For me the answer to the question: should the UK remain in the EU? is an emphatic, unqualified and unequivocal ‘yes’. 

Let me explain why. Because it really is quite simple. 

It is Europe that has protected, enhanced and extended the rights of working people in the UK for a generation or more. 

It is Europe that guaranteed a minimum amount of paid holiday; enshrined paternity leave and maternity leave in law; gave part-time agency workers the same rights as their full-time colleagues; ensured that no one working seven days straight should have to work an eighth day without at least 24 hours rest.  

It is Europe that passed legislation, which gives workers a 20-minute break for every six hours of work. 

The right for part-time workers to be treated in the same way as full-time workers was introduced in 2000 thanks to trade union campaigning in Europe. 

A total of 8.5 million people in the UK benefit directly, including just under 700,000 people who work part-time here in the West Midlands.

There is no guarantee that those protections will remain in place if the “Leave” campaigners win the argument and the UK votes to leave the EU. 

Labour is united as a party and a movement on the question of Europe – unlike the Tories. 213 of our 232 MPs support a ‘remain’ vote. 

...Nearly every major union supports our membership of the European Union.
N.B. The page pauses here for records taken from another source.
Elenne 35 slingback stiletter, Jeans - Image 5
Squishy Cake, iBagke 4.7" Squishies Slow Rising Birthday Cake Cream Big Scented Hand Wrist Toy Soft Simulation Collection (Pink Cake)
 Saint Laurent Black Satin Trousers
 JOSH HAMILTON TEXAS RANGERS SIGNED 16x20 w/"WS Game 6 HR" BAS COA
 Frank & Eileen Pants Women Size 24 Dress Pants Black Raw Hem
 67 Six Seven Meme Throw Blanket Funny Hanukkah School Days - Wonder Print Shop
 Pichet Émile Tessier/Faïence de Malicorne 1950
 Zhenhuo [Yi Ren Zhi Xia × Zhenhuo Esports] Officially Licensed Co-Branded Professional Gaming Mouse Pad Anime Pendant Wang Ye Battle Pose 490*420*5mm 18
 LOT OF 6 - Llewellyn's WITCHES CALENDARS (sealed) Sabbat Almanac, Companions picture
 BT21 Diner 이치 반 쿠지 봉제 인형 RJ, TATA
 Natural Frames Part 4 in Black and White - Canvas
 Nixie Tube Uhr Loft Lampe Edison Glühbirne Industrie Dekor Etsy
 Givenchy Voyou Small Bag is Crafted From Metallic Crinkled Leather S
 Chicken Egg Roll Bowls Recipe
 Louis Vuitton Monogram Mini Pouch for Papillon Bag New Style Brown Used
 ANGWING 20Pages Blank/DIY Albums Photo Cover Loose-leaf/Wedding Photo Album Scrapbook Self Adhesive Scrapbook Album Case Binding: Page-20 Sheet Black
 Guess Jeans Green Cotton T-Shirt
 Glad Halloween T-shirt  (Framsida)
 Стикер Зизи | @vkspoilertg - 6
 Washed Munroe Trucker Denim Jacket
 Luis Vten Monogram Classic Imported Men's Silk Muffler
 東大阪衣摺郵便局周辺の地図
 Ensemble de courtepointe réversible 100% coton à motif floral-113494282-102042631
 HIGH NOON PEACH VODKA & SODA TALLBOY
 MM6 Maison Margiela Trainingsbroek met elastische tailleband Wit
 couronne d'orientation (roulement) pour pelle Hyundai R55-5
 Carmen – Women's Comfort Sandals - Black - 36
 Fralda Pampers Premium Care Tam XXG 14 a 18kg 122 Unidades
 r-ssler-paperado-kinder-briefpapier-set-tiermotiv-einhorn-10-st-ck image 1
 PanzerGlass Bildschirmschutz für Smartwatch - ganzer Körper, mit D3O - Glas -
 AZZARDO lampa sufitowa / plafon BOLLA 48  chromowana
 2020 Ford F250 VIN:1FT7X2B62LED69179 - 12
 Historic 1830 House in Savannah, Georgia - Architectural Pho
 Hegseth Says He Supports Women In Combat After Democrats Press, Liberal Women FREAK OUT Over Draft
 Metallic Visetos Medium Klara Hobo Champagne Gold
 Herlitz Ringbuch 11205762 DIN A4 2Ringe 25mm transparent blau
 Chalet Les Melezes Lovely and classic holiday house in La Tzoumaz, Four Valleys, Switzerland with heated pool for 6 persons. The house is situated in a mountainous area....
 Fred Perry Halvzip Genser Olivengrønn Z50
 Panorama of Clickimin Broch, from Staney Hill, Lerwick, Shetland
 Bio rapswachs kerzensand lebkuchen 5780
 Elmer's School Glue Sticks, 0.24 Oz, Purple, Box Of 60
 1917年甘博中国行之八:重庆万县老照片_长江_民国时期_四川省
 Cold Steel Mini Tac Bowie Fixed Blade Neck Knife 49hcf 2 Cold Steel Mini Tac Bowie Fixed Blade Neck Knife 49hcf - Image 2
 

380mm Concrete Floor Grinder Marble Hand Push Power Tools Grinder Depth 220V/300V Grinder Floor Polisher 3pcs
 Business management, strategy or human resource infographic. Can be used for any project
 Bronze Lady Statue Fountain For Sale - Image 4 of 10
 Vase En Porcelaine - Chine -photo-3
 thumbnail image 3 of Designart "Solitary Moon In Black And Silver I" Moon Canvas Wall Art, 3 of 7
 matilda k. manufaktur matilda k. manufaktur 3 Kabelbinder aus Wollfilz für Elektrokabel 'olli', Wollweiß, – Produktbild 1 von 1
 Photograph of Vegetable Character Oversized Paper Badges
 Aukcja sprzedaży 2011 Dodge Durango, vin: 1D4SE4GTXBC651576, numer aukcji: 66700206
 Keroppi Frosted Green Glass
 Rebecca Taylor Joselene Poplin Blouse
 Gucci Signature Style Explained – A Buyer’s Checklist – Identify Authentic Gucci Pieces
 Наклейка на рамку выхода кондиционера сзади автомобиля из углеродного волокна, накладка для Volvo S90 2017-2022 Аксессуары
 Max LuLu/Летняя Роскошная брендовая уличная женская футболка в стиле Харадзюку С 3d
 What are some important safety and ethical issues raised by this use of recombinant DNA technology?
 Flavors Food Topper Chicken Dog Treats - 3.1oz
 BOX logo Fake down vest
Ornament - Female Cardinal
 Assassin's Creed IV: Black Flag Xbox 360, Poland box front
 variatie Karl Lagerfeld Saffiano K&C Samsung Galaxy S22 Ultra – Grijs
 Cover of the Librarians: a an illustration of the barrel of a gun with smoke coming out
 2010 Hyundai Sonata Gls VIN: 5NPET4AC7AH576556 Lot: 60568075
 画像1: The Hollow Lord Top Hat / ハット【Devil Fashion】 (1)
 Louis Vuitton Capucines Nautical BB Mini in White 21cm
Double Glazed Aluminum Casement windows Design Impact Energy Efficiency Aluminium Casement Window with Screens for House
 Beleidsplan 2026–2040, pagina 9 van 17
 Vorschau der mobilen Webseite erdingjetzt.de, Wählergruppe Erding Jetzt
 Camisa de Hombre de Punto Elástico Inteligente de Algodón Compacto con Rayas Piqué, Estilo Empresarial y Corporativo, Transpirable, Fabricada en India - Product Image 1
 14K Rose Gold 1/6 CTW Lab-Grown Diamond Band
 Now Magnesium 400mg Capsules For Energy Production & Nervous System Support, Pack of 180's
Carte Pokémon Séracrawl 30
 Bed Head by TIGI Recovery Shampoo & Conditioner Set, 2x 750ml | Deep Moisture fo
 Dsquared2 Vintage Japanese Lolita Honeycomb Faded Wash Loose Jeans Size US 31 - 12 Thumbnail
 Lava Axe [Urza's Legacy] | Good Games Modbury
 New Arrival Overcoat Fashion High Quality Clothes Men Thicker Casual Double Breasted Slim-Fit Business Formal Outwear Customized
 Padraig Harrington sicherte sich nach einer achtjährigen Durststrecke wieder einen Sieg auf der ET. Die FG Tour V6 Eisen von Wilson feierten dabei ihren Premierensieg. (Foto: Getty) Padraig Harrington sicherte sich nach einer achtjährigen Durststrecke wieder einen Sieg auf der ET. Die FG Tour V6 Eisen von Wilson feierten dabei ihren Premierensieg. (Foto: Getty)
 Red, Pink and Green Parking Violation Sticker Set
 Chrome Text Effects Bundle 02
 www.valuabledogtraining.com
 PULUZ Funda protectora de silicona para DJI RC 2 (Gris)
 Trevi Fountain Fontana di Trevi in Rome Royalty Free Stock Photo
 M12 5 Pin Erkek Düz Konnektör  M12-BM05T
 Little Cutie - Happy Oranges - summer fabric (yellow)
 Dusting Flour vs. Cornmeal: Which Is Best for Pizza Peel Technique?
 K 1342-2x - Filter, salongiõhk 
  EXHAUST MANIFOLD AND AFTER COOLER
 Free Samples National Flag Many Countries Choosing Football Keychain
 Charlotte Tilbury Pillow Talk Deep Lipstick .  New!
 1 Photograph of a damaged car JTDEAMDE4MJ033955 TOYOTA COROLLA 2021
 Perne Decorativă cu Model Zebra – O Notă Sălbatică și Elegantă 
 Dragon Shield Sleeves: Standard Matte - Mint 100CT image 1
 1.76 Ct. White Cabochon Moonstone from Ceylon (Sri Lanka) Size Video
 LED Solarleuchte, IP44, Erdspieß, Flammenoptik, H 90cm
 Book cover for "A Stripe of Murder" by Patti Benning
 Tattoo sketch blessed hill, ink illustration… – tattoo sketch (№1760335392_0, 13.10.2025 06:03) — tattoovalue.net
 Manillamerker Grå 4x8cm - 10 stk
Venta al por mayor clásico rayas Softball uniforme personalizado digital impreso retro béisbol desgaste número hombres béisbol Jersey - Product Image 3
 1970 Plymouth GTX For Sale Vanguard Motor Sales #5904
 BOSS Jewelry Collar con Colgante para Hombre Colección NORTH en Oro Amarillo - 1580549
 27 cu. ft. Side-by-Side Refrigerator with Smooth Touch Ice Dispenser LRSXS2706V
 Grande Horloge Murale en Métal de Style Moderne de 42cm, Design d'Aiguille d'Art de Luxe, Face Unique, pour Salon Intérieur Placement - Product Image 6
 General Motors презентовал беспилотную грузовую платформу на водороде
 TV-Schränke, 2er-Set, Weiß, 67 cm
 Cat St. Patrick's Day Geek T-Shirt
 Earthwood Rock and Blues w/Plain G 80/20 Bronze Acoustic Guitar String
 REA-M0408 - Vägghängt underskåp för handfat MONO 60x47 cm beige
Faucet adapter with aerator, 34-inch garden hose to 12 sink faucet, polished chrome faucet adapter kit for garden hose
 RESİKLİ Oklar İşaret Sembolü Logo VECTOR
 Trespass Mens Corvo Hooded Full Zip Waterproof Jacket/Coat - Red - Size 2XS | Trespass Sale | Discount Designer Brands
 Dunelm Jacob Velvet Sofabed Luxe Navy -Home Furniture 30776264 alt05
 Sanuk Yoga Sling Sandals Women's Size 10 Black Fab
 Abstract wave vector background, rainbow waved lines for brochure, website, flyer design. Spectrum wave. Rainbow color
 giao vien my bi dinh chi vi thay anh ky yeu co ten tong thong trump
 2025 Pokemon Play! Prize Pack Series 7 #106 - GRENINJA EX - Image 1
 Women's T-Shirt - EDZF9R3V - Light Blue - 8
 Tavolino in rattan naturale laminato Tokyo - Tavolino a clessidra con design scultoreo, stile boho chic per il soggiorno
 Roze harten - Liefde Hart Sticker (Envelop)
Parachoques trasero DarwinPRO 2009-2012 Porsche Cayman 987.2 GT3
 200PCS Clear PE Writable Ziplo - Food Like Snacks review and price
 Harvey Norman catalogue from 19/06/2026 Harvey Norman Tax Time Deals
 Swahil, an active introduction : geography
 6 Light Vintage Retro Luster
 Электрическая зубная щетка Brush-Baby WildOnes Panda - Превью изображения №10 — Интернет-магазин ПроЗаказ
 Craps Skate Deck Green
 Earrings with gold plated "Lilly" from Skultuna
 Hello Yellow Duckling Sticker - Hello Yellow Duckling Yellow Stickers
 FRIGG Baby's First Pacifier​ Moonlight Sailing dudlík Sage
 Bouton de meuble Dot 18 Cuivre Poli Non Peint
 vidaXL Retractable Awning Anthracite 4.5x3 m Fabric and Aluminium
And every major union is campaigning for the UK to remain in the EU. 

TUC General Secretary Frances O’Grady says: “The bulk of the rights at work that matter to us originated in Europe. A Brexit would have massive implications for jobs, rights, and the very fabric of the UK. If you take that floor away, workers will be worse off.”  

Tim Roache, the new General Secretary of the GMB, says Europe, although not perfect: “has given us the most progressive employment legislation in the country bar none.” 

And Len McCluskey has said, that whilst he wants reforms to the EU, 

“it is undeniable…that for millions of UK workers and their families the EU is the best hope for their jobs and fundamental rights. Our communities clearly benefit from the investment and trade links that come with being part of the EU. And our working people are in increasing need of the employment rights that flow from membership. Rest assured that outside of the EU, left at the mercy of a Conservative government, these protections will be swept away.” 

Our membership of the EU is not just about guarantees and safety at work, of course. 

It’s about the broader economy. There is no doubt that our membership of the EU has had a positive impact on British trade, British jobs, and British business.

And it will continue to do so. I want to live in a country with a sound, modern, innovative manufacturing base.

I want the next generation of British scientists, engineers and entrepreneurs to be able to stand on a strong platform of British manufacturing.

I want an active industrial policy that supports manufacturing of every kind, from our defence industries to the technologies that are being developed to cut carbon.

I want a regional development policy, so that towns like Redcar and Port Talbot are not left to rust, so that we invest in the workers who have built our nation’s prosperity.

I want universities linked to businesses, just as they are here in Coventry and Warwick, so that British graduates have the skills and experiences to compete with their counterparts from Beijing or Delhi. 

We have achieved a huge amount by working with our European allies and pushing for progressive reform of the European Union.

We will achieve a lot more if we continue to do that. 

But we can only do that by leading - not leaving.